## [Task directions]
Stop after the line containing "Welcome back to Mini-Tutorials"; retype every line of the data before it exactly, starting from the first.

Stored items:
****************************************
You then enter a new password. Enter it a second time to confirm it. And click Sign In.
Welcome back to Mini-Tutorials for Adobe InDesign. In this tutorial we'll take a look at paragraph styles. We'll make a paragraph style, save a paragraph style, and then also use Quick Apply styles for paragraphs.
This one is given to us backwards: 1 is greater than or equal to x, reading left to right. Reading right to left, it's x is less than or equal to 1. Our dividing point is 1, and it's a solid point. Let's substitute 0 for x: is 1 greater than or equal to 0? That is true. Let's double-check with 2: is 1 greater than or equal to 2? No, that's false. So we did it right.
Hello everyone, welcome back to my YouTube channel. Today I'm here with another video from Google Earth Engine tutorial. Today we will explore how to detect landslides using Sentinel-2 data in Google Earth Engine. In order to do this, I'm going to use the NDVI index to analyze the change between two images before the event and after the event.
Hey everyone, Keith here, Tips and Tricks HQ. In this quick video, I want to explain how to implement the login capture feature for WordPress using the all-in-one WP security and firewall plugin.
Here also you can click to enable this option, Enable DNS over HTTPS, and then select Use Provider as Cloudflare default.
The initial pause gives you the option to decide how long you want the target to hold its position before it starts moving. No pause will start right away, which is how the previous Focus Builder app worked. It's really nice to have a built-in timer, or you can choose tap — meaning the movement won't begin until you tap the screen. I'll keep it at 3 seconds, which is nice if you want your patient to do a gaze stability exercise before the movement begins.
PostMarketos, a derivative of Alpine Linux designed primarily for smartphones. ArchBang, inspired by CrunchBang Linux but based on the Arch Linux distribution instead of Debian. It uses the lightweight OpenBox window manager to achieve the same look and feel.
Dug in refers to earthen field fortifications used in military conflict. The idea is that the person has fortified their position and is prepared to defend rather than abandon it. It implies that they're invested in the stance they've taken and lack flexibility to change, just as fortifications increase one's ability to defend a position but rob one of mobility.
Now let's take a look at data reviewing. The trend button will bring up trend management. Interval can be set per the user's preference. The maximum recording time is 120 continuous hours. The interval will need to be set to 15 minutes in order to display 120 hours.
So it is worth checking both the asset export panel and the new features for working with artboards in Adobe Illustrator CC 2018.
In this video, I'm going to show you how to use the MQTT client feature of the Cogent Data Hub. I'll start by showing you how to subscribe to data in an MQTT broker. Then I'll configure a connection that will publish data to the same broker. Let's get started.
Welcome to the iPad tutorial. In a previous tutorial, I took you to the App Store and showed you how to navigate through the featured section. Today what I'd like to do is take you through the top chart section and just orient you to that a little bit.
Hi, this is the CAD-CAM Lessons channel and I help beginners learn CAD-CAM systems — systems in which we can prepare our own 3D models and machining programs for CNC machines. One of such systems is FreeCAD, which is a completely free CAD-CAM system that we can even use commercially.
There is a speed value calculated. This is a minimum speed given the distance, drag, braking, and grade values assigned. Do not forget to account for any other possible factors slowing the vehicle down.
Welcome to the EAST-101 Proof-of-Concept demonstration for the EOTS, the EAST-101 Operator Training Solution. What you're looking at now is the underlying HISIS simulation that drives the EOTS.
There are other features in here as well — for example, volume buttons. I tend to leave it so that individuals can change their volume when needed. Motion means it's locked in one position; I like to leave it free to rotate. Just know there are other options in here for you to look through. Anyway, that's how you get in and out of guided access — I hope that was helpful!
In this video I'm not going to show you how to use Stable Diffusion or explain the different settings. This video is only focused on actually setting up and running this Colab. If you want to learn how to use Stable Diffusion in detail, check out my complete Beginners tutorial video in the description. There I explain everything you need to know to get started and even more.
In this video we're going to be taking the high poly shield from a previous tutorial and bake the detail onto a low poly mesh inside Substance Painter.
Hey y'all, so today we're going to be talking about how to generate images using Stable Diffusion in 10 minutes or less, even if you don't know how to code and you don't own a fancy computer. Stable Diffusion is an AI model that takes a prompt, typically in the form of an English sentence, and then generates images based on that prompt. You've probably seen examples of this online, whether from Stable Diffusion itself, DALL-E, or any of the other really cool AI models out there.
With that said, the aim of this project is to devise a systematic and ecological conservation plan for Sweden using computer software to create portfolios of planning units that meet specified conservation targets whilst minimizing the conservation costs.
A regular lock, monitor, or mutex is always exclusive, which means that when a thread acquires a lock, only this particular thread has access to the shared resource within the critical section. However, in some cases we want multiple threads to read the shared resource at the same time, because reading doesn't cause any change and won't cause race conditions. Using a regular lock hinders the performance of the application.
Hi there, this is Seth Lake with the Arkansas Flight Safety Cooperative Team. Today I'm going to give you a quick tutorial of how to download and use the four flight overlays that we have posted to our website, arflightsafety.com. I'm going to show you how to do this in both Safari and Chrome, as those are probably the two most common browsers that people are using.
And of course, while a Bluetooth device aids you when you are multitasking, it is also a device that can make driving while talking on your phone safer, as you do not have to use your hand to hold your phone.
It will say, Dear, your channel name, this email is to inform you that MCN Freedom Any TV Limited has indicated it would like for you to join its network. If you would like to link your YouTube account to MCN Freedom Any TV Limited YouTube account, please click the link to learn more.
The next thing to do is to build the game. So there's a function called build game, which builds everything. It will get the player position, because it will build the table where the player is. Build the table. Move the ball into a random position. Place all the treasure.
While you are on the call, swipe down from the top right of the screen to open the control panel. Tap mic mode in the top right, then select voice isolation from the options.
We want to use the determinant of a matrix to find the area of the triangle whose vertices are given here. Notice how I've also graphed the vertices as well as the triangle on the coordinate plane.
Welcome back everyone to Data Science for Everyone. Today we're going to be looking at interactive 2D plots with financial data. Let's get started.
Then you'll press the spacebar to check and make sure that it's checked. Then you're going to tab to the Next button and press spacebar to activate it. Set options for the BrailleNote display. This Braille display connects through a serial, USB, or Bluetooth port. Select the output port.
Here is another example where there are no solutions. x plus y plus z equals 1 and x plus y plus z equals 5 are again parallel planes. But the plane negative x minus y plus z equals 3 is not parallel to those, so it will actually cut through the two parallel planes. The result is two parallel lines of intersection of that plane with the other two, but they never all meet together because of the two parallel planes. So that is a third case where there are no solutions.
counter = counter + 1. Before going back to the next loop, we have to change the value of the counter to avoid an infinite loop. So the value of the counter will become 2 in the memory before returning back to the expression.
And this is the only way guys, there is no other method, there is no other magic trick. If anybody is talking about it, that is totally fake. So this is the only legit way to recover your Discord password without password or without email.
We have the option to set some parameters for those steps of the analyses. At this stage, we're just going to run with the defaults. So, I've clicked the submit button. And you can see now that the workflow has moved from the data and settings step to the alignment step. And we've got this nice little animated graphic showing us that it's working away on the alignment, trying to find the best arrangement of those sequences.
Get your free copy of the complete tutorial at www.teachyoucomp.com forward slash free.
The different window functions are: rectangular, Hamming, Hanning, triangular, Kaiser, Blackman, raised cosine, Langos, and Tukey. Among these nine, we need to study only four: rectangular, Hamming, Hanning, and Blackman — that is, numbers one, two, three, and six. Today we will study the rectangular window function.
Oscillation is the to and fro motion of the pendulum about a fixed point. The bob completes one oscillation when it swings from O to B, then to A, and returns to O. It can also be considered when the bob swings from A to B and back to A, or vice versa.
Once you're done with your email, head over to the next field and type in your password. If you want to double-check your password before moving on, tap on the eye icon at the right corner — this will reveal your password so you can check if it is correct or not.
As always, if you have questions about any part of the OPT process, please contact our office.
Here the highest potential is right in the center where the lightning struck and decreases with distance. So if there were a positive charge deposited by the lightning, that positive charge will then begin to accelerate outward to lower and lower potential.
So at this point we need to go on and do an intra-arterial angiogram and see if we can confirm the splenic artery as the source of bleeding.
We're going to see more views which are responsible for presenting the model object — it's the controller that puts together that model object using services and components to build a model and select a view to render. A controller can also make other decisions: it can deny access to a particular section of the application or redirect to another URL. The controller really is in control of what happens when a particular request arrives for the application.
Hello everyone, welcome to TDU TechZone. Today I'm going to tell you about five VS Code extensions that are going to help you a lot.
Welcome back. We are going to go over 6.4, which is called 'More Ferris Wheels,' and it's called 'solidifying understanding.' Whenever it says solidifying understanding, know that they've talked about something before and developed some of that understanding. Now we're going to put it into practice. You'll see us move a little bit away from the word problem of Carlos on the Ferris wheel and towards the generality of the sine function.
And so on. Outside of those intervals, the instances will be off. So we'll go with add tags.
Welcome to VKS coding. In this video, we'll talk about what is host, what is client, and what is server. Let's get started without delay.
****************************************
## [Answer section]
You then enter a new password. Enter it a second time to confirm it. And click Sign In.
Welcome back to Mini-Tutorials for Adobe InDesign. In this tutorial we'll take a look at paragraph styles. We'll make a paragraph style, save a paragraph style, and then also use Quick Apply styles for paragraphs.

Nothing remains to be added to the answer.